WORK TO COMPLETE
Look through the entries below for the line with "Vintage Framed Phillipe" and the line with "Front view of", then give again exactly those two lines and all lines between them, minus the pictures.

(EXTRACTED MATERIAL)

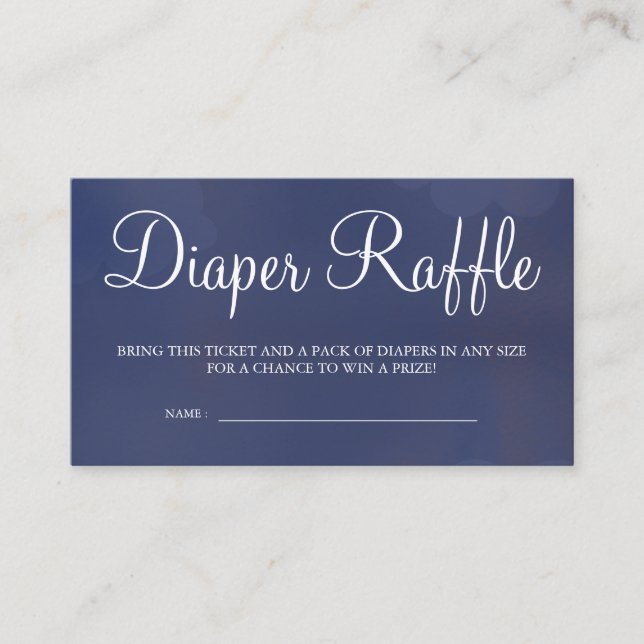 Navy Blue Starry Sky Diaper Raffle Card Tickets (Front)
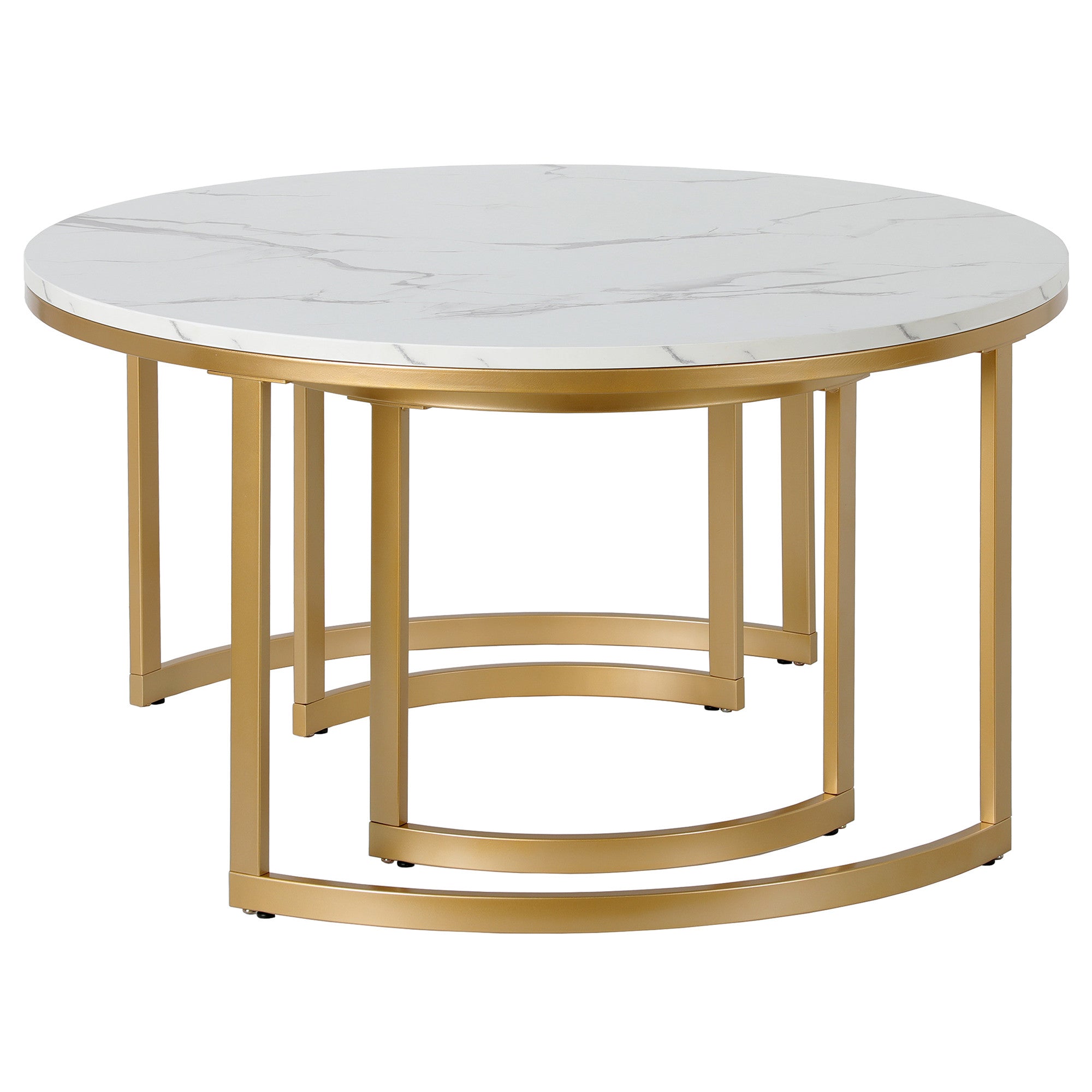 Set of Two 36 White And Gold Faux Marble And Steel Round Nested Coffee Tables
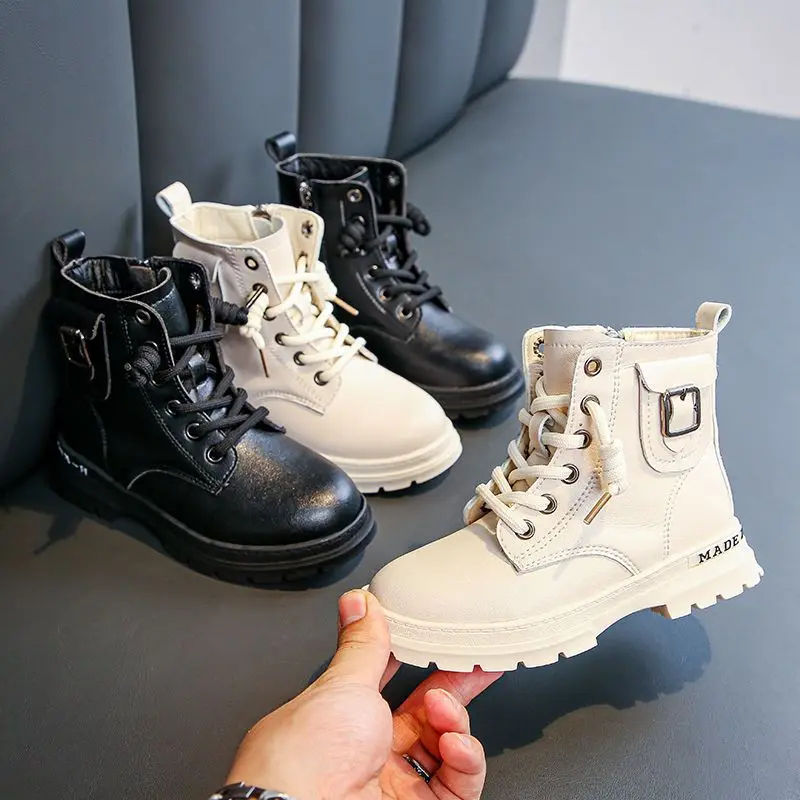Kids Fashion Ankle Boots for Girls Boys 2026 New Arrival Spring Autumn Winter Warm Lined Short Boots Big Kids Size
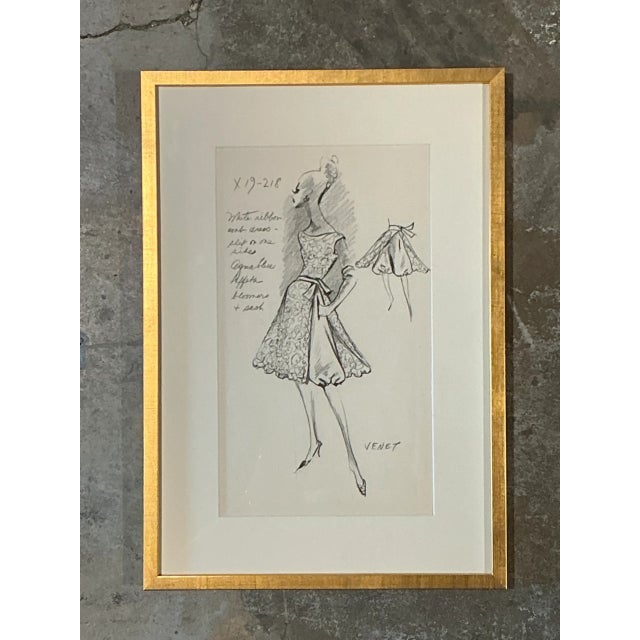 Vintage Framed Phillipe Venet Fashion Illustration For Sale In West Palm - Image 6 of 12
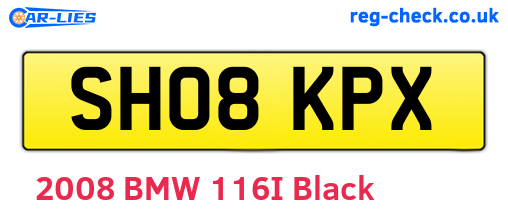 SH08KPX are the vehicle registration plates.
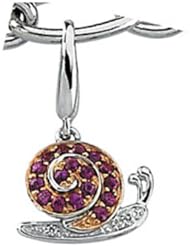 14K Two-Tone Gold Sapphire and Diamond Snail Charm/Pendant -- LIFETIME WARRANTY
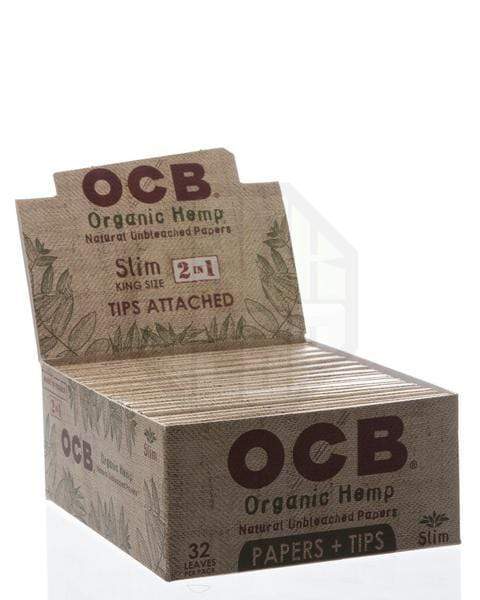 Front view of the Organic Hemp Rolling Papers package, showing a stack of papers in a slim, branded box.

(End EXTRACTED MATERIAL)
(EXTRACTED MATERIAL)

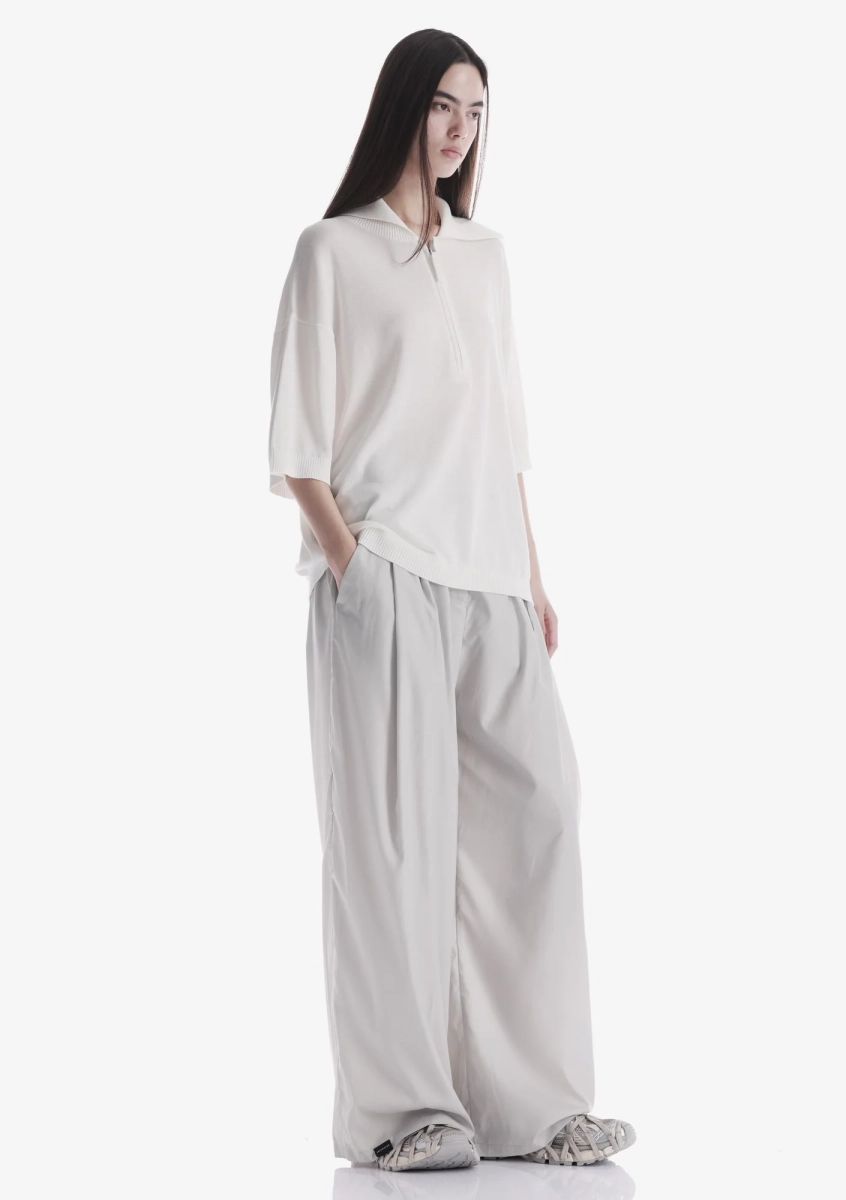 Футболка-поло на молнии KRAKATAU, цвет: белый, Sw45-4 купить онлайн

(End EXTRACTED MATERIAL)

RESULT FOR THIS EXERCISE
 Vintage Framed Phillipe Venet Fashion Illustration For Sale In West Palm - Image 6 of 12
 SH08KPX are the vehicle registration plates.
 14K Two-Tone Gold Sapphire and Diamond Snail Charm/Pendant -- LIFETIME WARRANTY
 Front view of the Organic Hemp Rolling Papers package, showing a stack of papers in a slim, branded box.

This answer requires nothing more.